Zu Optimismus und Unternehmungsgeist ermutigt schon ihre Kirche. 1957 wurde sie zur Internationalen Bauausstellung in der damaligen „Stadt der Zukunft“ – dem Hansaviertel am Tiergarten – eingeweiht. „Das Bistum Berlin baut auf“, verkündete ein Gemeindebrief zur Eröffnungsandacht – und von dieser Mission will man sich nun nicht abbringen lassen. Nichts ist hier düster. Der Himmel strömt mit all seinem Licht auf zwei Seiten des Gotteshauses durch scheinbar gläserne Wände, die nur ein schmales Betongitterwerk hält. Das Bemühen der 50er- Jahre-Architekten um Transparenz und Sachlichkeit dominiert im Inneren, keine schlechte Vorgabe für eine Gemeindesanierung. Und der Heiligen Ansgar (801-865), Namenspatron, Bischof und Missionar der Nordländer, kommt dazu gerade recht: Seine lebensgroße Bronzeskulptur am Altar schreitet munter mit dem Hirtenstab aus.
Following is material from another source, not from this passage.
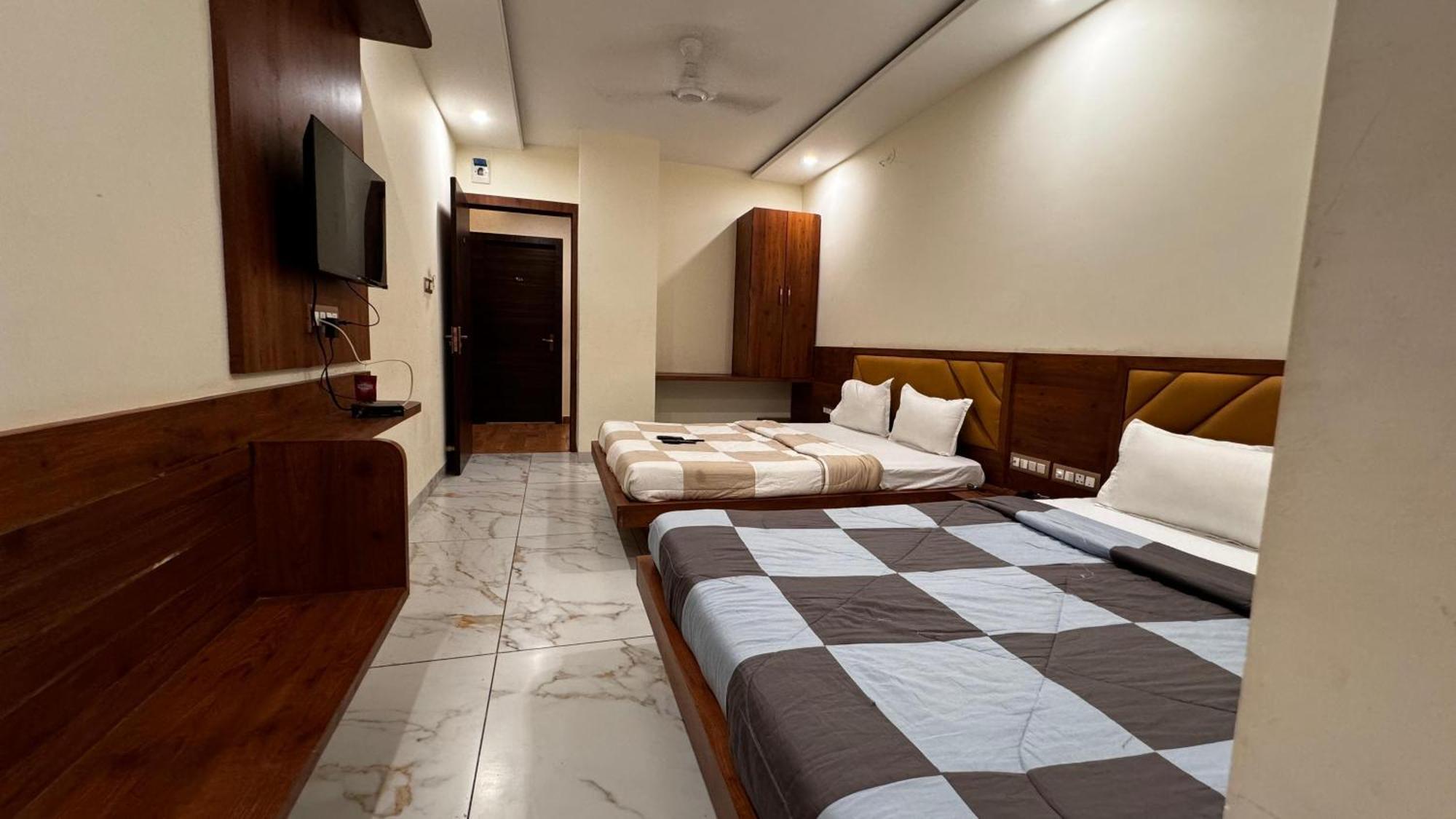 Hotel Prakasham Ujjain Εξωτερικό φωτογραφία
Sogar am Weihnachtsbaum hat man gespart. Dessen Spitze reicht zwar weiter zur Decke, aber es ist eine Fichte, kein teures Nordmann-Gewächs. Außerdem ist die heutige Kollekte für die eigenen Heizkosten bestimmt. Die wichtigste Sparmaßnahme allerdings geht aus einem Gebet hervor. Es steht in einem Faltblatt und heißt: „Gebet zur Fusion der Pfarreien St.Ansgar und St.Laurentius.“ Denn seit November 2003 ist St. Ansgar mit der Partnergemeinde in der Moabiter Bandelstraße zusammen. Zwecks Rationalisierung. Und jetzt bitten die Gläubigen: „Hilf uns, eine Familie zu werden und Neues als Gabe und Aufgabe zu begreifen.“

Zuvor haben sie schon Paul Gerhardts altes, tröstendes Lied „Ich lag in tiefer Todesnacht, Du warest meine Sonne“ gesungen und des Bischofs Hirtenworte gehört. Vor Resignation und Aggression angesichts der leeren Kassen, hat sie Sterzinsky gewarnt und daran erinnert, dass die Kirche kein bloßes Menschenwerk ist, sondern die Stiftung ihres Herrn. Deshalb werde man die Sendung der Kirche weiter verwirklichen und „unserem Herrn mehr trauen müssen als der Macht des Geldes … und dem Krisenmanagement.“ Es sei allemal besser, ein noch so kleines Licht anzuzünden, als auf die Finsternis zu schimpfen. Sterzinsky: „Ich hoffe auf Euch!“

In der fusionierten Gemeinde St.Ansgar und St.Laurentius fällt dieser Alleingang demnächst wieder schwer. Bisher gab es zwei Kirchenmusiker, nun müsste einer eigentlich entlassen werden.